#### [AIM OF THE TASK]
From the records below, please repeat exactly the line that has "2025年浙点通提优卷五年级语文下册人教版 参考答案第1页", the line that has "将网络游戏转换为单机手机版", and every line between them, and nothing else.

#### [SUPPLIED INFORMATION]

○ ○ ○ ○ ○

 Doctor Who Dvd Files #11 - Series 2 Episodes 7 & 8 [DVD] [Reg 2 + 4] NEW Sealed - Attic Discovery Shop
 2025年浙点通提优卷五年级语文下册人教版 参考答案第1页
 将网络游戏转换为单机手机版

○ ○ ○ ○ ○

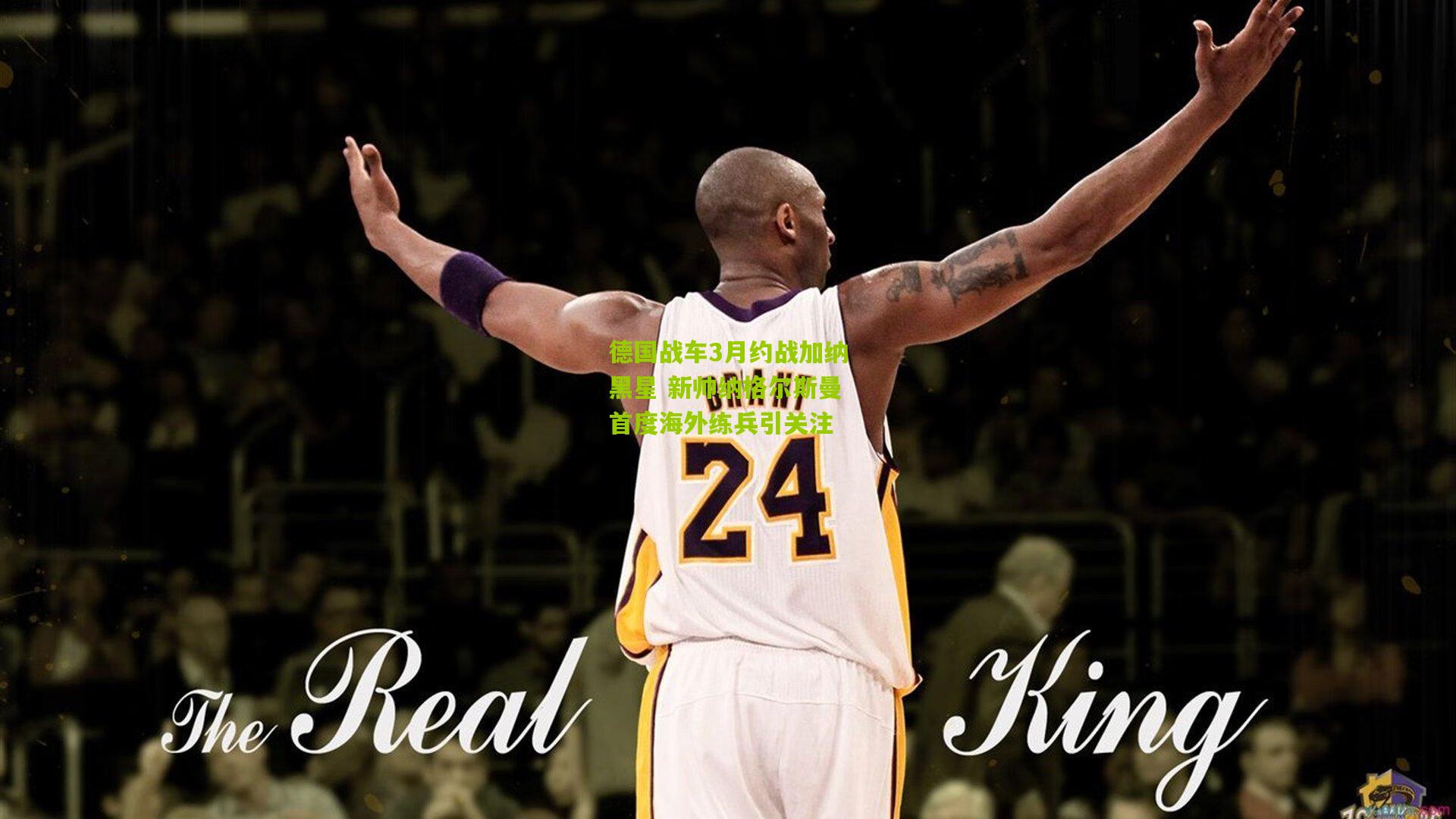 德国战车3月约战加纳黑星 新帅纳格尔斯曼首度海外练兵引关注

○ ○ ○ ○ ○

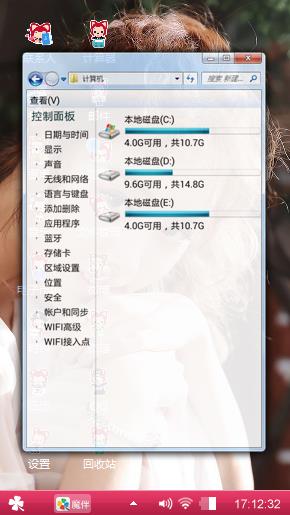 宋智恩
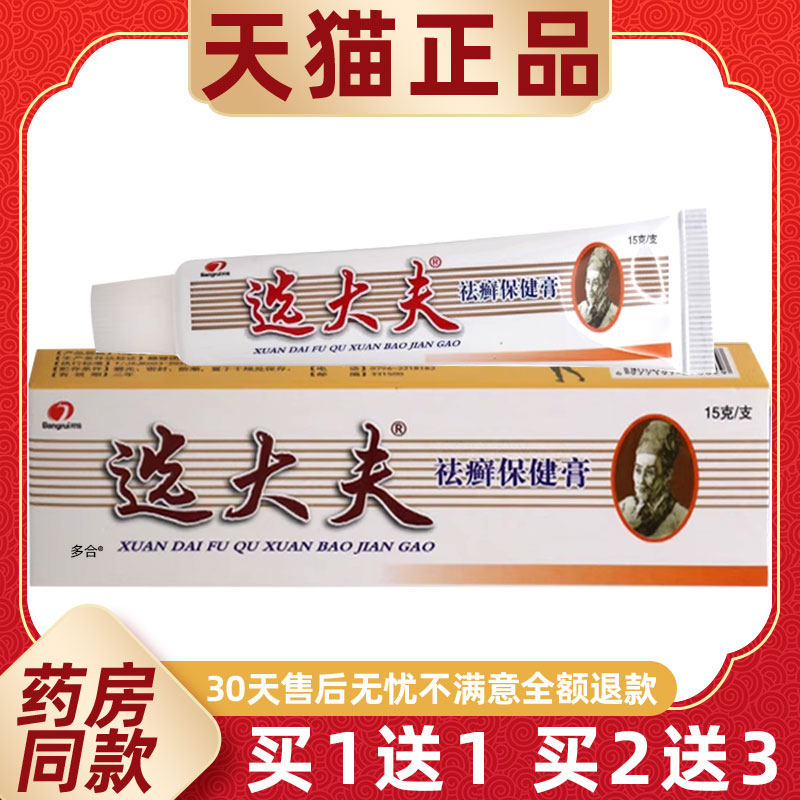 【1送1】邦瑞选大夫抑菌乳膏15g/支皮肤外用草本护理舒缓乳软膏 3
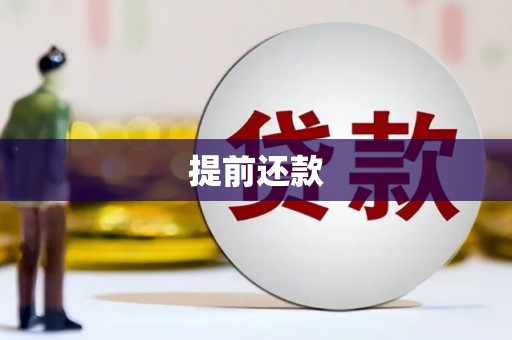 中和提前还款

○ ○ ○ ○ ○

#### [TASK SOLUTION]
 2025年浙点通提优卷五年级语文下册人教版 参考答案第1页
 将网络游戏转换为单机手机版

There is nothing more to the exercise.